Task description —
Print the listing below exactly.

Supplied material —
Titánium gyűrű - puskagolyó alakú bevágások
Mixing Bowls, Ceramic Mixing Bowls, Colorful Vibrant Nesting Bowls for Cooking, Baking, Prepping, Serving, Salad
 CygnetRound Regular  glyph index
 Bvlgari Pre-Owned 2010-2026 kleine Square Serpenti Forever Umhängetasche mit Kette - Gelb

Output —
Titánium gyűrű - puskagolyó alakú bevágások
Mixing Bowls, Ceramic Mixing Bowls, Colorful Vibrant Nesting Bowls for Cooking, Baking, Prepping, Serving, Salad
 CygnetRound Regular  glyph index
 Bvlgari Pre-Owned 2010-2026 kleine Square Serpenti Forever Umhängetasche mit Kette - Gelb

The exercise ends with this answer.